3. O medo nos torna primitivos
Na pequena cidade chovia fortemente como se os céus desabassem sobre os charmosos telhados das casas. A cada instante aumentava mais e mais a preocupação dos pais, naquela noite só queriam encontrar seus filhos e levá-los para casa em segurança.
Era trágico, porém verídico, a primeira manchete do novo jornal da cidade — o mesmo que pertencia a família Becker — seria sobre o sumiço de Mia e a melhor amiga Nala. Em menos de duas horas que haviam ido na casa do delegado Ruschel o casal ruivo já tinha montado uma equipe para transmitir ao vivo a reportagem do desaparecimento das meninas colocando toda a cidade em alerta.

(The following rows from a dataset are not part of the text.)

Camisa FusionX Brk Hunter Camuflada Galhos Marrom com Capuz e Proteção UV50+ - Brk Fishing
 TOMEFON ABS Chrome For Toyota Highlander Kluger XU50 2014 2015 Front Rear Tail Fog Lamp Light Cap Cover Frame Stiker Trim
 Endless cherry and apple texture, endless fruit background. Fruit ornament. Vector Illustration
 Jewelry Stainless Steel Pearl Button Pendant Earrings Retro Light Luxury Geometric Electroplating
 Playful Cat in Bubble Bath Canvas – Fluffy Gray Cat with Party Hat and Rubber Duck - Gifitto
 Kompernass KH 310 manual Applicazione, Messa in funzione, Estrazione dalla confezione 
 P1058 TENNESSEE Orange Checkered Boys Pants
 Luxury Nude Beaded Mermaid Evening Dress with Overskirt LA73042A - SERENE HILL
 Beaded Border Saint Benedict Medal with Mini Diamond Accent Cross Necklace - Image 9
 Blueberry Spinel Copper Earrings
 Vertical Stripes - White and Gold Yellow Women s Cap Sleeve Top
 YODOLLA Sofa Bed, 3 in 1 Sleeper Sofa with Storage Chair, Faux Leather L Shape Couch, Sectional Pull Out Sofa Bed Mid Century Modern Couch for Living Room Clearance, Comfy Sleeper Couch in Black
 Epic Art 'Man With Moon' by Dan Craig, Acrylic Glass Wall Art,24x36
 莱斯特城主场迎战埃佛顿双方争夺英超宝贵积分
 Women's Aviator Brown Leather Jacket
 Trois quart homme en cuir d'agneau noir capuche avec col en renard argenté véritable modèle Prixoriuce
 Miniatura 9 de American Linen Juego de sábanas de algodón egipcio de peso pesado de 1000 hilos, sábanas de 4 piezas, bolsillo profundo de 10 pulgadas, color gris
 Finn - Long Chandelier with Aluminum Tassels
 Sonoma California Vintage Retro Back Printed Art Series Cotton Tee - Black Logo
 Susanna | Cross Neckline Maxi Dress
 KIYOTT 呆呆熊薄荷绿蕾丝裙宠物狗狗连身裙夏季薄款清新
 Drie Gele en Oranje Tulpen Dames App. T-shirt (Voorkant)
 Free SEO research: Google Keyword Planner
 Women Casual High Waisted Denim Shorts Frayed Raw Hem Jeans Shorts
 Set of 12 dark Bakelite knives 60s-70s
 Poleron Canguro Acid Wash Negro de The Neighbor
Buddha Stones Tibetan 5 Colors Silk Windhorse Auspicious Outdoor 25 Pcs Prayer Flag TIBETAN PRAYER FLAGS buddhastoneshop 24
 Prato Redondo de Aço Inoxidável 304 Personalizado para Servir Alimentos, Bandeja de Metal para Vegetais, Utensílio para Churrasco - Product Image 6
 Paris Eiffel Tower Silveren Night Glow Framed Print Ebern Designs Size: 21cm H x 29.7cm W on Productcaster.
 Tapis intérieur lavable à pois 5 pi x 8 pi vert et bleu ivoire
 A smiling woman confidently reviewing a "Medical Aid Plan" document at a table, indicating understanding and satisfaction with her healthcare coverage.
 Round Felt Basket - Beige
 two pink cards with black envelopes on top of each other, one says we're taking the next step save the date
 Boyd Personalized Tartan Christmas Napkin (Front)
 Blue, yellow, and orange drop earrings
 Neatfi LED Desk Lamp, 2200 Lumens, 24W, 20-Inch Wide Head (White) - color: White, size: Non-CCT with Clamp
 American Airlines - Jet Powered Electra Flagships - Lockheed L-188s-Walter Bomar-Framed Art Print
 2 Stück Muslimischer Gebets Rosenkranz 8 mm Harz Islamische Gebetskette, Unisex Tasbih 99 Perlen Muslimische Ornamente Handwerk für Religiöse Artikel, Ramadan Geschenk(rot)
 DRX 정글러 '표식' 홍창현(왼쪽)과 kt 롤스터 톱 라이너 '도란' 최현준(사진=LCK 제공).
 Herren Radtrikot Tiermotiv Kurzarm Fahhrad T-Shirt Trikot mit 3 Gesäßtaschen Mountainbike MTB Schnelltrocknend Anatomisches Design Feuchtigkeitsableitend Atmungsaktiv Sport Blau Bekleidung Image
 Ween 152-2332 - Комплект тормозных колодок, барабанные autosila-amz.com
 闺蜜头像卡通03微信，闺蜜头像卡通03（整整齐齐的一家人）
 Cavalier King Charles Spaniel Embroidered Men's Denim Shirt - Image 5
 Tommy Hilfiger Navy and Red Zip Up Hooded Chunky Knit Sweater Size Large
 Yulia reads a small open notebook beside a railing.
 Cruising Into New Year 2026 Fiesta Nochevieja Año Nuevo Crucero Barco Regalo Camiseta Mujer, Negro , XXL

Victor por sua vez, mobilizou toda a delegacia como equipe de busca, por ele o céu podia se fundir com a terra, nada o impediria de procurar sua filha, sua única e doce Nala.
A madrugada fora trabalhosa, procuraram por todos os lugares da cidade, mas não encontraram nem sinal das meninas. Parentes e amigos iam para as ruas com lanternas e disposição atrás das adolescentes.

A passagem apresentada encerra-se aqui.